Information given Start Marker
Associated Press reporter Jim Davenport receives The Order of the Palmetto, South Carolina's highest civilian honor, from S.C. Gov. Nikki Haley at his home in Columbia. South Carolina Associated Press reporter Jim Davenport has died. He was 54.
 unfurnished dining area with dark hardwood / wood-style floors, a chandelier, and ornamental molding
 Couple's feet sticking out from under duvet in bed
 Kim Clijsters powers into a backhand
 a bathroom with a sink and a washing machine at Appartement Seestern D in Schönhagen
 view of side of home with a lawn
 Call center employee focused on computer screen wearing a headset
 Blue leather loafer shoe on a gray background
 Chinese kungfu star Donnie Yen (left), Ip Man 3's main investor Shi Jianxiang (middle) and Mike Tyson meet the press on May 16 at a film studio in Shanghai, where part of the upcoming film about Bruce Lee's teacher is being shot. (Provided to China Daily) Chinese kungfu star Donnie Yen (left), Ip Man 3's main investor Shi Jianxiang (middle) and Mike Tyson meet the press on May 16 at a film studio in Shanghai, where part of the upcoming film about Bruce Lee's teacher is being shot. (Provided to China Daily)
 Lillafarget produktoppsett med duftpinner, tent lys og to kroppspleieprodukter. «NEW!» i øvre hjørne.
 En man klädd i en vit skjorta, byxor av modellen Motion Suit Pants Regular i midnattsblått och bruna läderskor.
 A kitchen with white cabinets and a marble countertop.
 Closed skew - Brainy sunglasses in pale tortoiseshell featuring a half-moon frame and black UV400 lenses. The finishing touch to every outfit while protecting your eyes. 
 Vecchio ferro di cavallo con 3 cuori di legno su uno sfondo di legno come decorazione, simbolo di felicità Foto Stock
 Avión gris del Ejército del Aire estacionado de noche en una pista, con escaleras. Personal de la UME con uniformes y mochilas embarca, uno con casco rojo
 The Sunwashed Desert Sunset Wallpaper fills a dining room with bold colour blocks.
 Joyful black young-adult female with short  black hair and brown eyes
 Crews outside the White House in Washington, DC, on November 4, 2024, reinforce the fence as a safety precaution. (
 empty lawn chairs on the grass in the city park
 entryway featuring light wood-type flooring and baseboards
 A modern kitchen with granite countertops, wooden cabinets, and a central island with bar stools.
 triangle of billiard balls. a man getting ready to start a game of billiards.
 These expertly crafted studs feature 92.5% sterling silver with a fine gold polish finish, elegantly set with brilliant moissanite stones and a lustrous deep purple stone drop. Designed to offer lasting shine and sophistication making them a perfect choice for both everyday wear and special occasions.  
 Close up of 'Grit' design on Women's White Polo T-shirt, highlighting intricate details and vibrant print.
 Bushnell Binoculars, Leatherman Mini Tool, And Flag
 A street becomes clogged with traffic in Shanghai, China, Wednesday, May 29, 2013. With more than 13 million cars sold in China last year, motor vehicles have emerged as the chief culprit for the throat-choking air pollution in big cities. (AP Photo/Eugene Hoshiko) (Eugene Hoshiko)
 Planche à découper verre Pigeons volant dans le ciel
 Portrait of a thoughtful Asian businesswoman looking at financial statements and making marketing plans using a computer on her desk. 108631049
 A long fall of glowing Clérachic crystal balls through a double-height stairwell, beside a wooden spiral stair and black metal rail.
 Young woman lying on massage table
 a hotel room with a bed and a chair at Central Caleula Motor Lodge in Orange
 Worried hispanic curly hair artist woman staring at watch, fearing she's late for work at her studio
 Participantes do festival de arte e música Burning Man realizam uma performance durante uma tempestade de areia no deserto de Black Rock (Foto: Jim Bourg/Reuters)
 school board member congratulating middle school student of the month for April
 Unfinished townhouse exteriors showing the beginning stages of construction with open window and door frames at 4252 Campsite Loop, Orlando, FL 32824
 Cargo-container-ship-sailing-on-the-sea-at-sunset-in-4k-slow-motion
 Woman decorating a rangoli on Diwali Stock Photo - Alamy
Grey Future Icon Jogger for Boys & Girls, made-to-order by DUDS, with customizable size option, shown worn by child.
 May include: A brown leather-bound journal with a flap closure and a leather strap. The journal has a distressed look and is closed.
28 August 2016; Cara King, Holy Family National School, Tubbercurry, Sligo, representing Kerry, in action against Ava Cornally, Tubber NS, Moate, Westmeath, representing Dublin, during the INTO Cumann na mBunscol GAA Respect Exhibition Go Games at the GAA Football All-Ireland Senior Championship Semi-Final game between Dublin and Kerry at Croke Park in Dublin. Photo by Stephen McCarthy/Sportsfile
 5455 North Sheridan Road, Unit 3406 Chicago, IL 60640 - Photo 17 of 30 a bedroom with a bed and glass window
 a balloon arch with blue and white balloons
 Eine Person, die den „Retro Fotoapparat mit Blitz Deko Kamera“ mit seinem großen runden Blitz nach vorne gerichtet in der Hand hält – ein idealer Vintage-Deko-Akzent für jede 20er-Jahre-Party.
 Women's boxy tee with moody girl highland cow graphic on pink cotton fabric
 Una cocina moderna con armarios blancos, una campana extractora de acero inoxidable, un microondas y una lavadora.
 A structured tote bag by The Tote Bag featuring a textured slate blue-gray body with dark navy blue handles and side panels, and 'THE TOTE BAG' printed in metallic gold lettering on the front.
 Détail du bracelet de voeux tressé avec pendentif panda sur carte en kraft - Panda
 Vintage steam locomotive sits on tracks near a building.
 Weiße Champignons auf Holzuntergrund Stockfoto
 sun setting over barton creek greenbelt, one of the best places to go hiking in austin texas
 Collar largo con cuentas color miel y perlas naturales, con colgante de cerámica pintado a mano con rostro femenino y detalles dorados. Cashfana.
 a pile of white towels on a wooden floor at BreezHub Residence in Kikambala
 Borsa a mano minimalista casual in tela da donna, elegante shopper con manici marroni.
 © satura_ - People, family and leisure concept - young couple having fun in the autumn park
Information given End Marker
» Prompt:
Output all the lines above. Keep each one exact.

» Answer to the exercise:
Associated Press reporter Jim Davenport receives The Order of the Palmetto, South Carolina's highest civilian honor, from S.C. Gov. Nikki Haley at his home in Columbia. South Carolina Associated Press reporter Jim Davenport has died. He was 54.
 unfurnished dining area with dark hardwood / wood-style floors, a chandelier, and ornamental molding
 Couple's feet sticking out from under duvet in bed
 Kim Clijsters powers into a backhand
 a bathroom with a sink and a washing machine at Appartement Seestern D in Schönhagen
 view of side of home with a lawn
 Call center employee focused on computer screen wearing a headset
 Blue leather loafer shoe on a gray background
 Chinese kungfu star Donnie Yen (left), Ip Man 3's main investor Shi Jianxiang (middle) and Mike Tyson meet the press on May 16 at a film studio in Shanghai, where part of the upcoming film about Bruce Lee's teacher is being shot. (Provided to China Daily) Chinese kungfu star Donnie Yen (left), Ip Man 3's main investor Shi Jianxiang (middle) and Mike Tyson meet the press on May 16 at a film studio in Shanghai, where part of the upcoming film about Bruce Lee's teacher is being shot. (Provided to China Daily)
 Lillafarget produktoppsett med duftpinner, tent lys og to kroppspleieprodukter. «NEW!» i øvre hjørne.
 En man klädd i en vit skjorta, byxor av modellen Motion Suit Pants Regular i midnattsblått och bruna läderskor.
 A kitchen with white cabinets and a marble countertop.
 Closed skew - Brainy sunglasses in pale tortoiseshell featuring a half-moon frame and black UV400 lenses. The finishing touch to every outfit while protecting your eyes. 
 Vecchio ferro di cavallo con 3 cuori di legno su uno sfondo di legno come decorazione, simbolo di felicità Foto Stock
 Avión gris del Ejército del Aire estacionado de noche en una pista, con escaleras. Personal de la UME con uniformes y mochilas embarca, uno con casco rojo
 The Sunwashed Desert Sunset Wallpaper fills a dining room with bold colour blocks.
 Joyful black young-adult female with short  black hair and brown eyes
 Crews outside the White House in Washington, DC, on November 4, 2024, reinforce the fence as a safety precaution. (
 empty lawn chairs on the grass in the city park
 entryway featuring light wood-type flooring and baseboards
 A modern kitchen with granite countertops, wooden cabinets, and a central island with bar stools.
 triangle of billiard balls. a man getting ready to start a game of billiards.
 These expertly crafted studs feature 92.5% sterling silver with a fine gold polish finish, elegantly set with brilliant moissanite stones and a lustrous deep purple stone drop. Designed to offer lasting shine and sophistication making them a perfect choice for both everyday wear and special occasions.  
 Close up of 'Grit' design on Women's White Polo T-shirt, highlighting intricate details and vibrant print.
 Bushnell Binoculars, Leatherman Mini Tool, And Flag
 A street becomes clogged with traffic in Shanghai, China, Wednesday, May 29, 2013. With more than 13 million cars sold in China last year, motor vehicles have emerged as the chief culprit for the throat-choking air pollution in big cities. (AP Photo/Eugene Hoshiko) (Eugene Hoshiko)
 Planche à découper verre Pigeons volant dans le ciel
 Portrait of a thoughtful Asian businesswoman looking at financial statements and making marketing plans using a computer on her desk. 108631049
 A long fall of glowing Clérachic crystal balls through a double-height stairwell, beside a wooden spiral stair and black metal rail.
 Young woman lying on massage table
 a hotel room with a bed and a chair at Central Caleula Motor Lodge in Orange
 Worried hispanic curly hair artist woman staring at watch, fearing she's late for work at her studio
 Participantes do festival de arte e música Burning Man realizam uma performance durante uma tempestade de areia no deserto de Black Rock (Foto: Jim Bourg/Reuters)
 school board member congratulating middle school student of the month for April
 Unfinished townhouse exteriors showing the beginning stages of construction with open window and door frames at 4252 Campsite Loop, Orlando, FL 32824
 Cargo-container-ship-sailing-on-the-sea-at-sunset-in-4k-slow-motion
 Woman decorating a rangoli on Diwali Stock Photo - Alamy
Grey Future Icon Jogger for Boys & Girls, made-to-order by DUDS, with customizable size option, shown worn by child.
 May include: A brown leather-bound journal with a flap closure and a leather strap. The journal has a distressed look and is closed.
28 August 2016; Cara King, Holy Family National School, Tubbercurry, Sligo, representing Kerry, in action against Ava Cornally, Tubber NS, Moate, Westmeath, representing Dublin, during the INTO Cumann na mBunscol GAA Respect Exhibition Go Games at the GAA Football All-Ireland Senior Championship Semi-Final game between Dublin and Kerry at Croke Park in Dublin. Photo by Stephen McCarthy/Sportsfile
 5455 North Sheridan Road, Unit 3406 Chicago, IL 60640 - Photo 17 of 30 a bedroom with a bed and glass window
 a balloon arch with blue and white balloons
 Eine Person, die den „Retro Fotoapparat mit Blitz Deko Kamera“ mit seinem großen runden Blitz nach vorne gerichtet in der Hand hält – ein idealer Vintage-Deko-Akzent für jede 20er-Jahre-Party.
 Women's boxy tee with moody girl highland cow graphic on pink cotton fabric
 Una cocina moderna con armarios blancos, una campana extractora de acero inoxidable, un microondas y una lavadora.
 A structured tote bag by The Tote Bag featuring a textured slate blue-gray body with dark navy blue handles and side panels, and 'THE TOTE BAG' printed in metallic gold lettering on the front.
 Détail du bracelet de voeux tressé avec pendentif panda sur carte en kraft - Panda
 Vintage steam locomotive sits on tracks near a building.
 Weiße Champignons auf Holzuntergrund Stockfoto
 sun setting over barton creek greenbelt, one of the best places to go hiking in austin texas
 Collar largo con cuentas color miel y perlas naturales, con colgante de cerámica pintado a mano con rostro femenino y detalles dorados. Cashfana.
 a pile of white towels on a wooden floor at BreezHub Residence in Kikambala
 Borsa a mano minimalista casual in tela da donna, elegante shopper con manici marroni.
 © satura_ - People, family and leisure concept - young couple having fun in the autumn park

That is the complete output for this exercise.